==== DATA
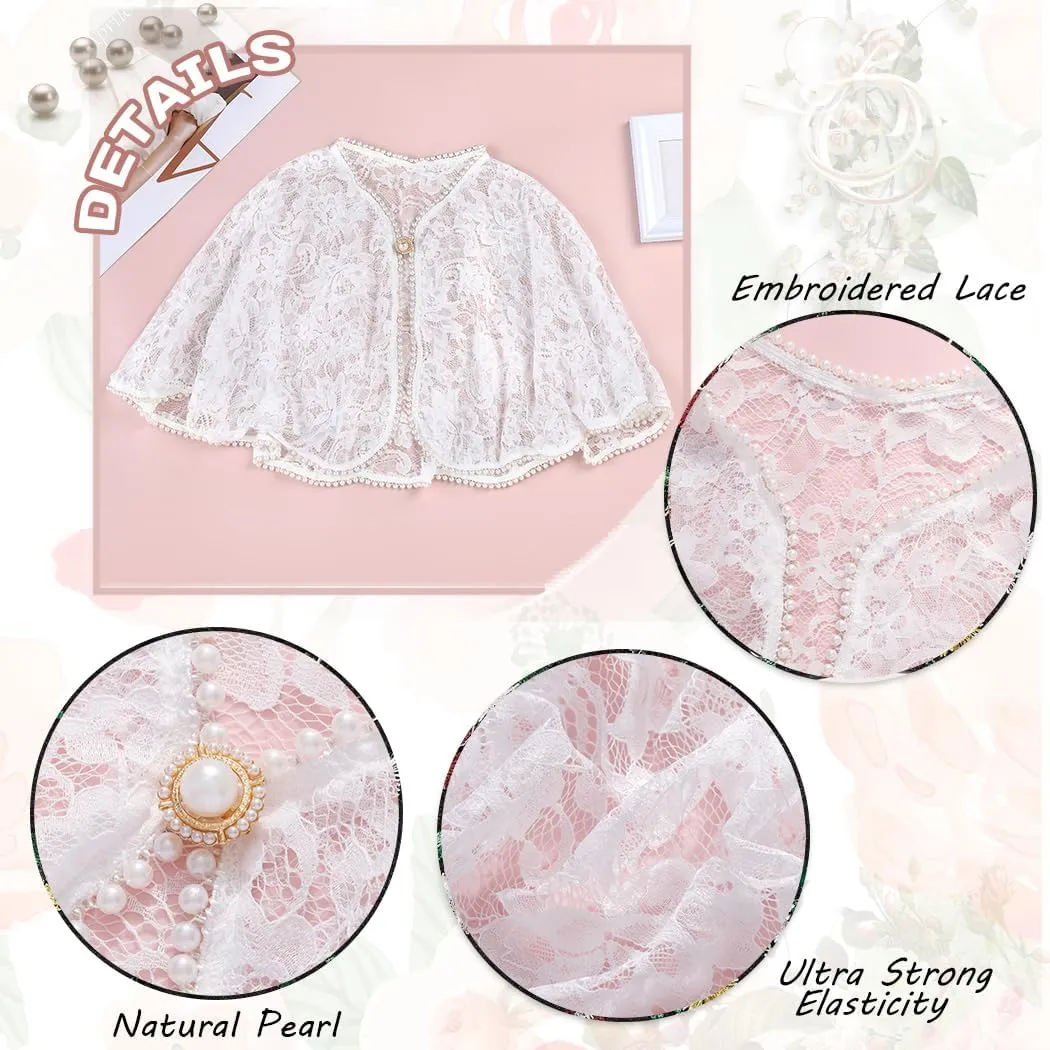 Urieo Women's Capelet Lace Floral Shawls Wraps Shrug for Evening Dress Pearl Shawl Wrap Bridal Wedding Cape Flapper Cover Up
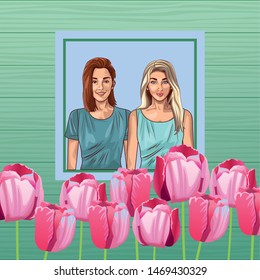 Pop art beautiful women smiling with casual clothes on floral spring frame card ,vector illustration graphic design.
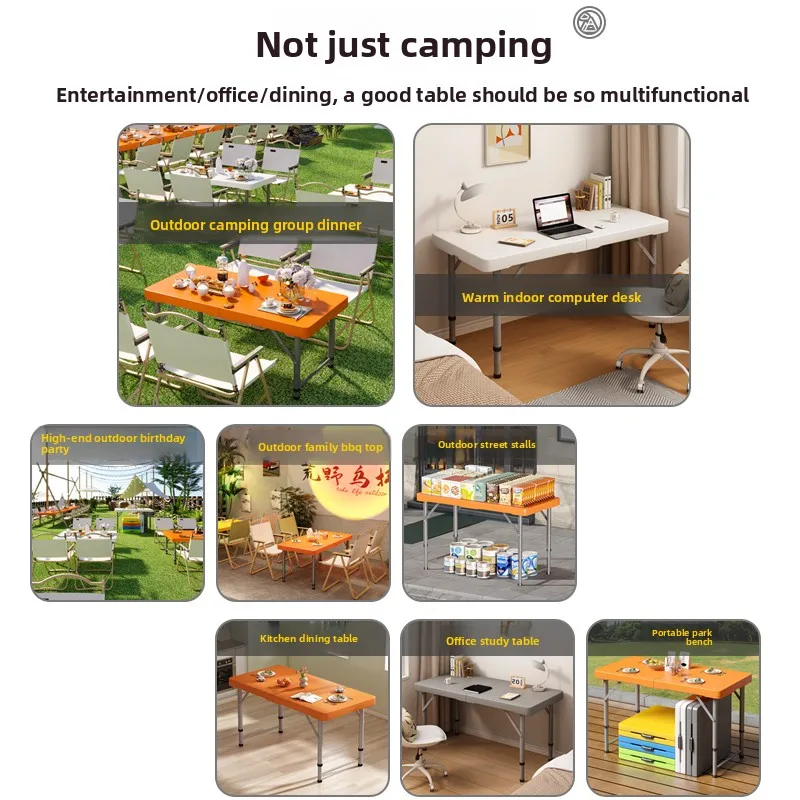 Foldable Table Outdoor Portable Rectangle Desk for Home Dining Office Meeting Training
========
| EXERCISE PROMPT |
Produce a verbatim transcription of every line in the listing, images omitted.

| ANSWER SECTION |
 Urieo Women's Capelet Lace Floral Shawls Wraps Shrug for Evening Dress Pearl Shawl Wrap Bridal Wedding Cape Flapper Cover Up
 Pop art beautiful women smiling with casual clothes on floral spring frame card ,vector illustration graphic design.
 Foldable Table Outdoor Portable Rectangle Desk for Home Dining Office Meeting Training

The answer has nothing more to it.